What could possess a government to fund such a venture? Perhaps it’s all part of the territory. The Black Hills South Dakota, where Mount Rushmore is located, has many ambitious sculptures. Indeed, Mount Rushmore is merely the most famous South Dakota landmark but the region is worth visiting for any number of statues and sculptures.
5 Spectacular South Dakota Landmarks
1- Mount Rushmore
If any site in the US deserves the overused description “iconic landmark”, it would be Mount Rushmore.
Gutzon Borglum’s sculpture of four Presidents (George Washington, Thomas Jefferson,
Teddy Roosevelt and Abe Lincoln), audaciously carved into the top of the granite mountain, is probably the most famous unfinished sculpture in the world.
Begun in 1927, it was paused in 1941 when such grand gestures started to take a back seat to the war.
Borglum’s original plan included the Presidents’ upper bodies.
Since the war, this South Dakota landmark has been almost a spiritual pilgrimage for Americans.
Promotional campaigns showed families driving their Studebakers to see the presidential heads, 18 metres high, chosen by Borglum as symbols of American greatness.
Later campaigns to add the heads of John Kennedy and Ronald Reagan were dismissed.
The granite cannot support another head.
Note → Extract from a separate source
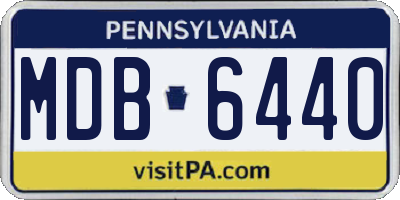 PA license plate MDB6440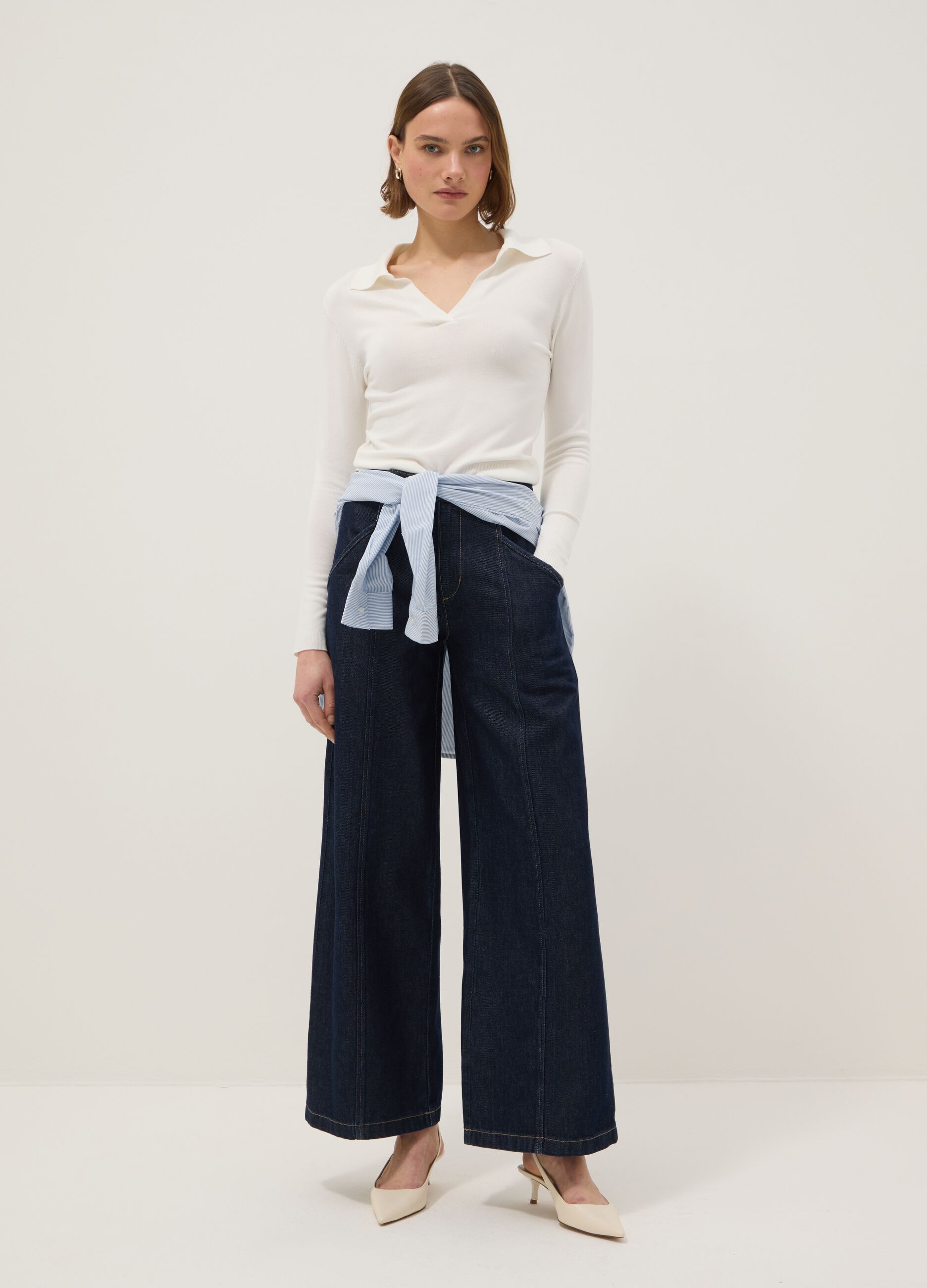 Blue Denim Wide Leg Trousers in Cotton Blend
Besides, whatever your politics, this is a work of art.
Seeing Mount Rushmore, one is impressed because it is such a famous scene, but also because (as one tourist remarked when I visited) “The photos don’t do it justice.”
Seeing it “live” is a far more powerful experience than seeing it on countless travel brochures, parodies, or even the climactic scene of “North by Northwest” (one of Hitchcock’s best and best-known finales).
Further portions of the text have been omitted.